この『SMAP大研究』に対するファンの反応は両極端で、内容の濃い研究本に感激するファンもいれば、あることないこと書き立てて悪質だ、と激昂するファンもいたそう。
「会社の入り口のところに、使用済みパンツが置かれてたことがあったな~(笑)。ウチの社員が、怒ったジャニーズファンに取り囲まれたこともあったし……。怒りの電話なんかもしょっちゅう。あまりにもエキサイトする子には『じゃあ、話し合いましょう』って会社に来るように誘ったのに、実際は誰も来なかったなぁ。

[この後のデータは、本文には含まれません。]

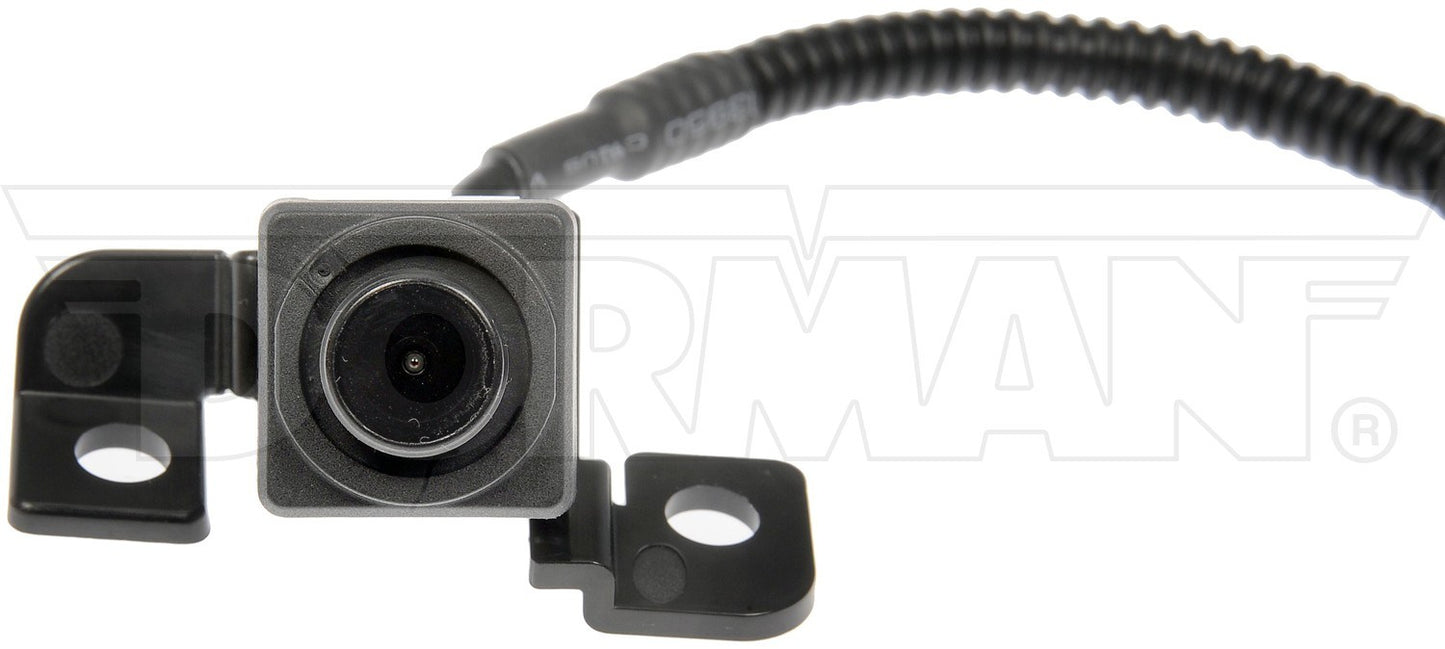 Dorman OE Solutions Park Assist Camera for 2009-2013 Kia Sorento 592-267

まあ、いやがらせされても、電話で話してるうちに仲良くなって、情報提供してくれるようになったこともあるんだけどね♪」
『ジャニーズおっかけマップ』シリーズや鹿砦社刊行のジャニーズ本の数々は、コアなジャニーズファンなど、同社が築き上げた情報ネットワークが力を発揮してくれたのだとか。

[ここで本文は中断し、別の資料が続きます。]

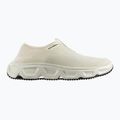 Salomon Reelax Moc 6.0 vanila/vanila/black women's shoes 8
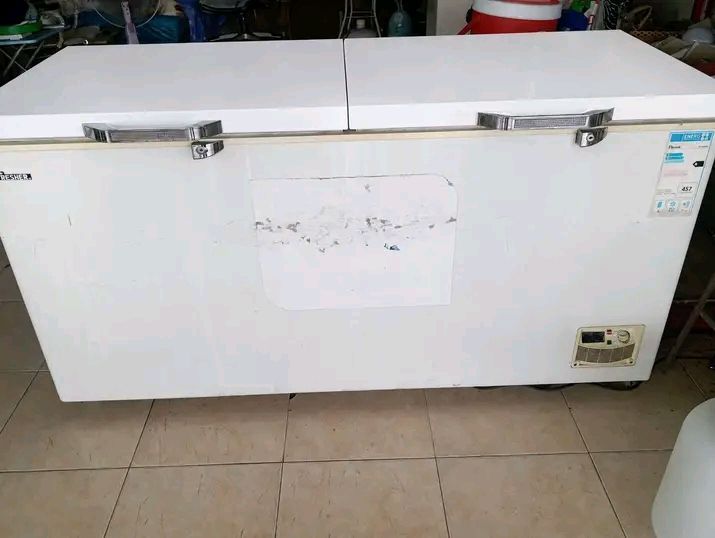 ตู้แช่ ปรับได้หลายระบบ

実際にチームを組んで全国各地を飛び回った編集部の努力と、質の高い情報提供者の存在もあって、当時の『ジャニーズおっかけマップ』は今では考えれらないほど、個人情報てんこもり。ジャニーズタレントたちの実家の住所を、番地までバッチリ記載、ご丁寧に地図まで載せてあるばかりか、ベランダに洗濯物が干してあるところまで激写してあります。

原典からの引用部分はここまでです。